In 1979, Bébel-Gisler founded the alternative-educational Centre d'Education Populaire Bwadoubout, to provide literacy for disadvantaged adults or children who wanted access to learning, but may have been obstructed because formal schools taught only in French. She directed the center and received funding from the French National Center for Scientific Research, though in effect, her work at Bwadoubout undermined the governmental objectives of assimilation. Language became a vehicle for activism, for Bébel-Gisler, who recognized that controlling access to knowledge insured that certain social classes or those with certain backgrounds controlled the power. By refusing to use French, Guadeloupeans were creating a distinction between themselves, their colonizer, and other Antillean colonies, as well as rejecting assimilation.

In addition to her educational efforts, Bébel-Gisler began publishing novels. In 1985, her biographical novel Lénora: l’histoire enfouie de la Guadeloupe (Leonora: the buried story of Guadeloupe) described the period between 1940 and 1943, when Governor Constant Sorin instituted policies to isolate Guadeloupe and Martinique from the potentiality of American or British occupation, leading to widespread suffering on the islands. The book was released in English in 1994 and she published the children's book, Grand'mère, ça commence où la Route de l'esclave? (Grandmother, where does the Slave Route begin?) in 1998. The book retraced the slave triangle and was a means of acknowledging the past and its impact on history. In 2000, she published, À la recherche d’une odeur de grand’mère; D’en Guadeloupe une « enfant de la Dass » raconte… (In Search of Grandmother's Smell: Tales from a "child of the Dass" in Guadeloupe). The book tells how the sugar plantation shaped both the landscape and the people who worked within it, replacing family ties with communal relationships and changing the nature of the relationships between men and women and parents and children. It explores the competing themes prevalent in Guadeloupean society where matrifocality and patriarchy meet.

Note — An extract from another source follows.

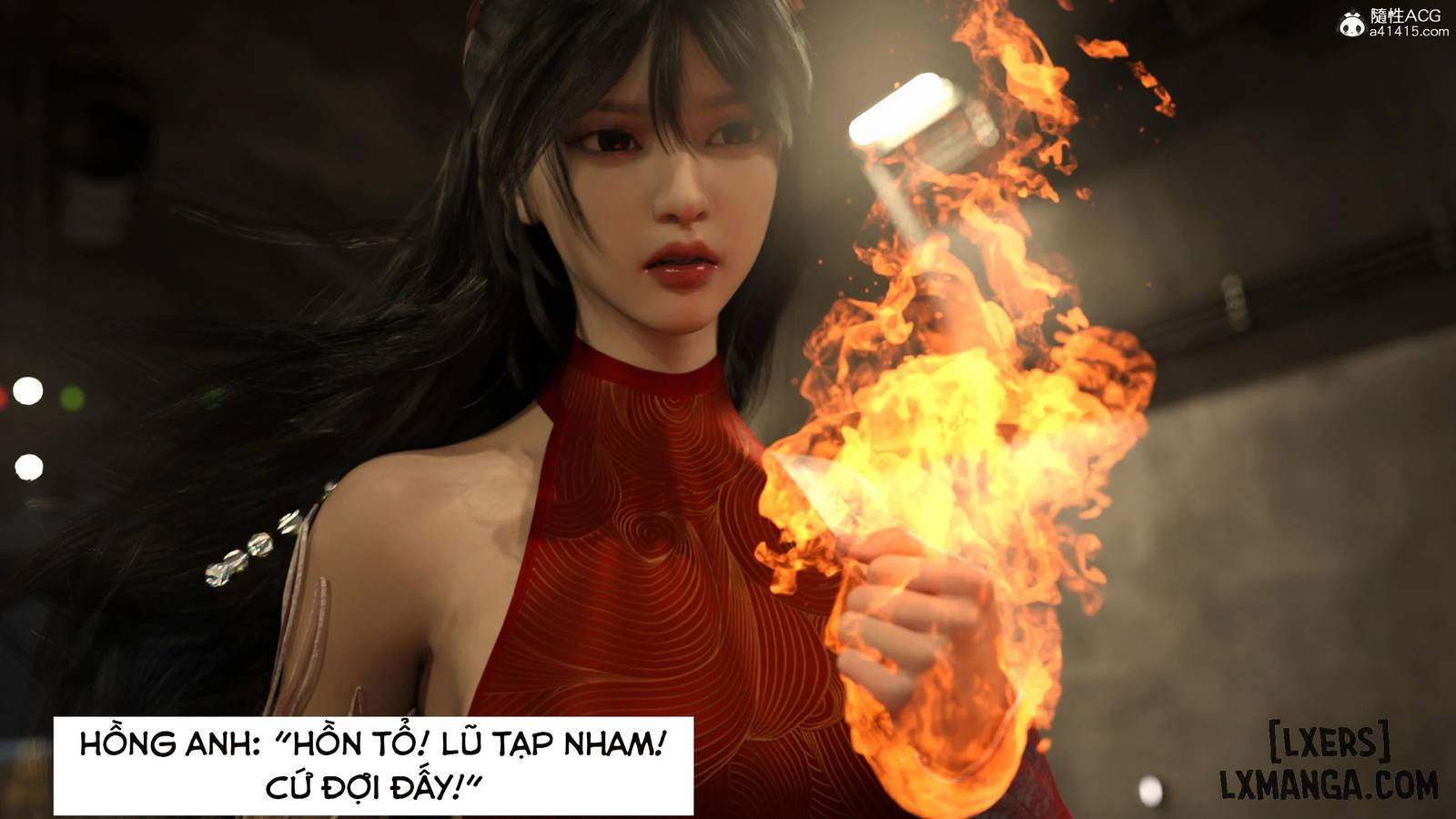 HentaiVN.net - Ảnh 8 - Nghịch Chuyển - Chương 5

In 1996, Bébel-Gisler became affiliated with UNESCO's The Slave Route Project, tracing the intersection of African, Caribbean and European cultures through the monuments of the slave trade. She was responsible for documenting the Caribbean portion of the route. Bringing the project to Guadeloupe, she identified eighteen significant extant sites including plantations, forts, and jails.

==Death and legacy==
Bébel-Gisler died unexpectedly of a heart attack on 28 September 2003 at her home in Lamentin. She is widely remembered for her activism in preserving Guadeloupean Creole.